> Required work: Starting with the line that contains "Rotating Window Wall", give again exactly and only each line through the end of the records; include the last line and exclude pictures.

Extracted records
──────────

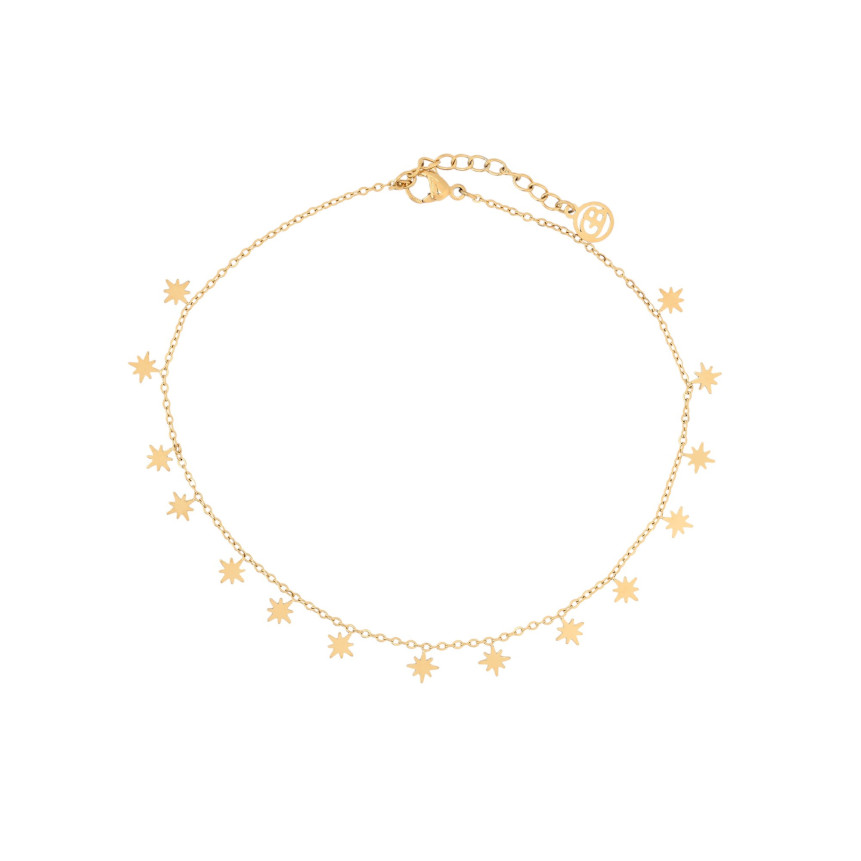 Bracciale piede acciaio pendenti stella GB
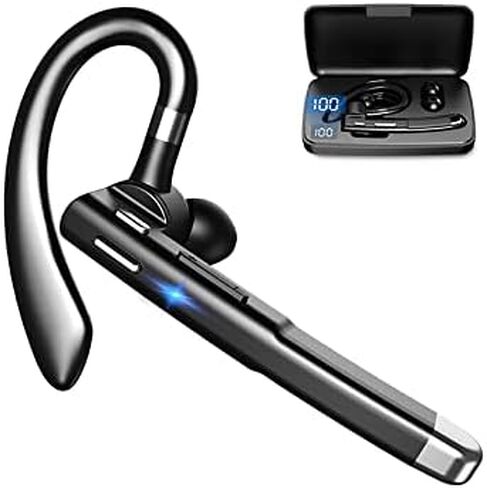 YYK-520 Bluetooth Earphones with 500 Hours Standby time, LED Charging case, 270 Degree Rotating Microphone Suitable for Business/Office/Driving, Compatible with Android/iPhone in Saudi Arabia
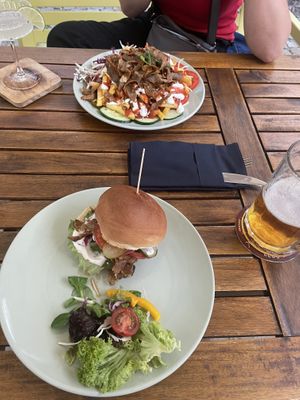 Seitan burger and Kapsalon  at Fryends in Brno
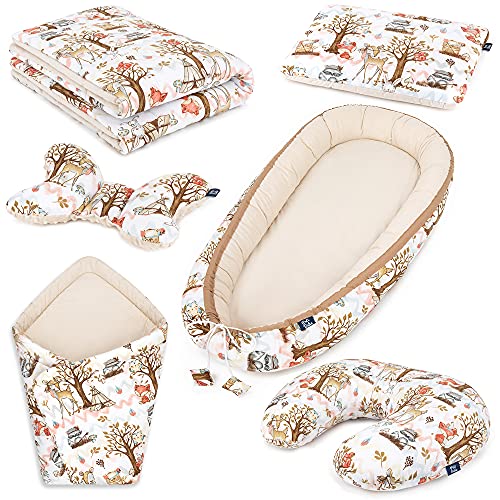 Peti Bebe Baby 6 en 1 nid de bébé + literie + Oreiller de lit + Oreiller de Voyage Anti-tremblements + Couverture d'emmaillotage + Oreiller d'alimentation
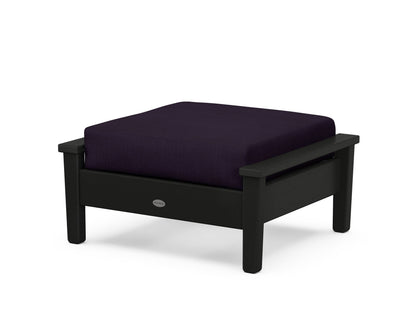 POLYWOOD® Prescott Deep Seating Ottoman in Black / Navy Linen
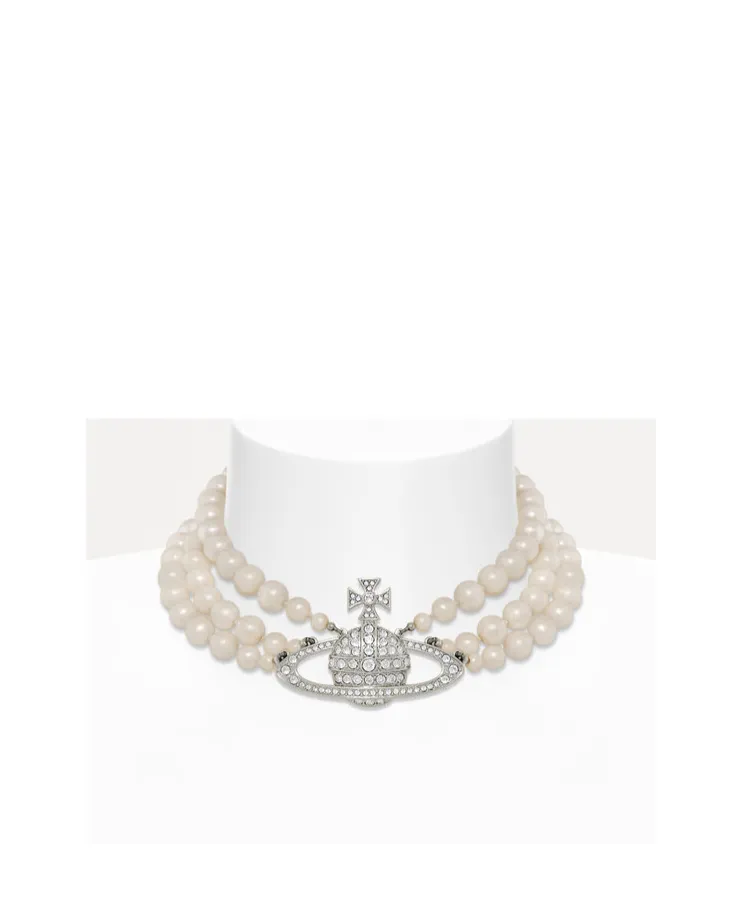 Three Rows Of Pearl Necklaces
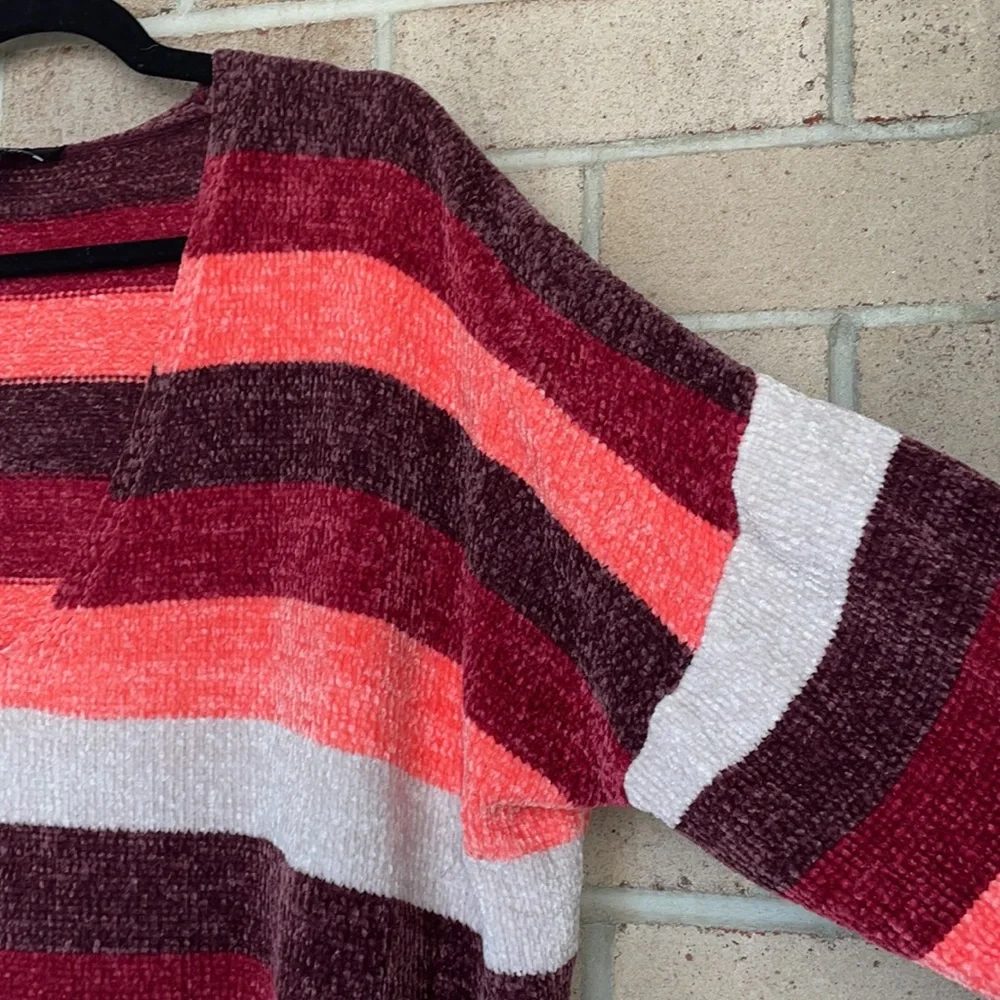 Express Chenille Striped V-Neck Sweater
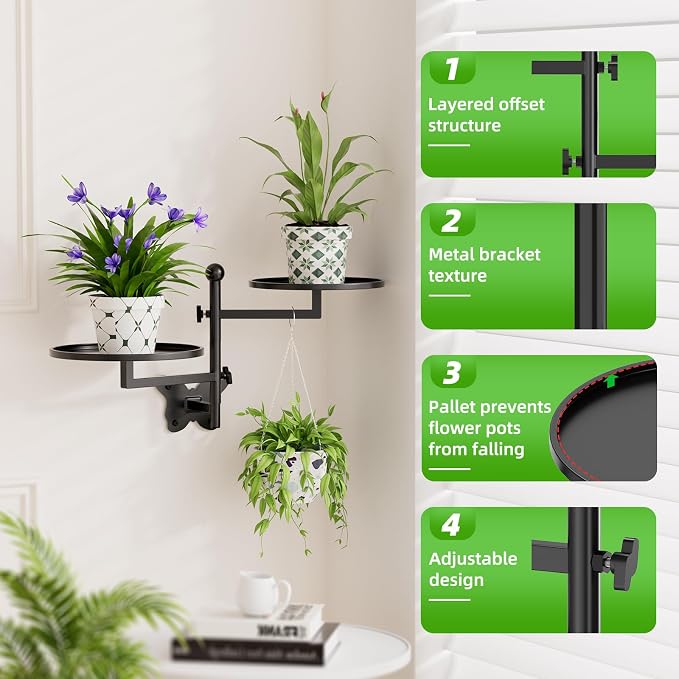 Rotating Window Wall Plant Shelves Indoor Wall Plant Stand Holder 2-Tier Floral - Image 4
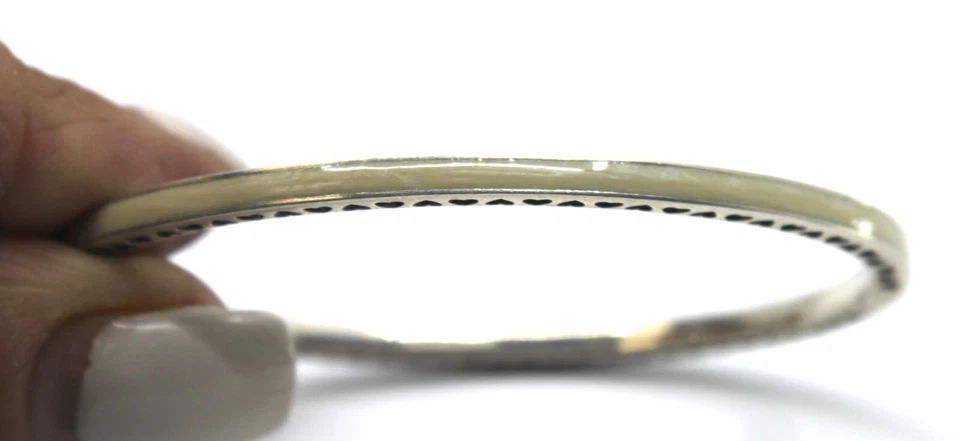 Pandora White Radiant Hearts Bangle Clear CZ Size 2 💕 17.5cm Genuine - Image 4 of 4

──────────

> Reply:
 Rotating Window Wall Plant Shelves Indoor Wall Plant Stand Holder 2-Tier Floral - Image 4
 Pandora White Radiant Hearts Bangle Clear CZ Size 2 💕 17.5cm Genuine - Image 4 of 4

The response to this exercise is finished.